Et il y a dans cette vaste synthèse historique qui nous mène de Saint Louis à Colbert et Turgot, de Jeanne d’Arc à Clemenceau, du « désastre » de Roncevaux à Mai 68 ou du Mémorial de Sainte-Hélène aux Mémoires d’espoir de De Gaulle une façon d’incarner la France, de la personnifier – il y a une vision presque anthropomorphique d’un grand corps national, addition de ses corps individuels et de ses âmes, dont le lyrisme enchanté rappelle, au pire Maurras et Barrès, au mieux Michelet : le premier Barthes, dans son texte sur Michelet justement, a tout dit sur les vertus, mais aussi sur les limites, de cette « poétique » de l’Histoire, de cette « polyphonie de lueurs et d’obscurités », bref de ce mélange de « mythe » et de « magie » qui structure « La sorcière » et aujourd’hui, donc, la « Gargouille »…
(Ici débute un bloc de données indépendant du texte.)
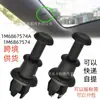 1M6867574A Adecuado para Volkswagen Golf Mk5 Mk6 Clip Fijo Portaequipajes de Techo Cuerda para Portaequipajes Colgador Giratorio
Reste que Villepin n’est pas seulement l’auteur grand style de ce nouveau roman de l’énergie nationale. Il est aussi ministre, en charge des Affaires étrangères du pays, et c’est évidemment à ce titre qu’il faut lire les 250 pages si singulières qu’il consacre à ce « désir d’Histoire », cette « flamme », cette volonté de volonté, dont notre « grande nation », selon lui, brûlerait encore dans ses profondeurs.

Ainsi de sa phénoménologie d’un pouvoir chancelant, impotent, s’épuisant à courir après une opinion convulsive et volage, s’essoufflant dans des querelles stériles, ne brassant, finalement, que des leurres.

Ainsi de son appel à une refondation de la politique, humiliée par les corporatismes, abaissée par les communautarismes et les populismes, gangrenée par le venin d’un esprit de cour dont il décrit, en observateur averti, la ronde féroce et les appétits.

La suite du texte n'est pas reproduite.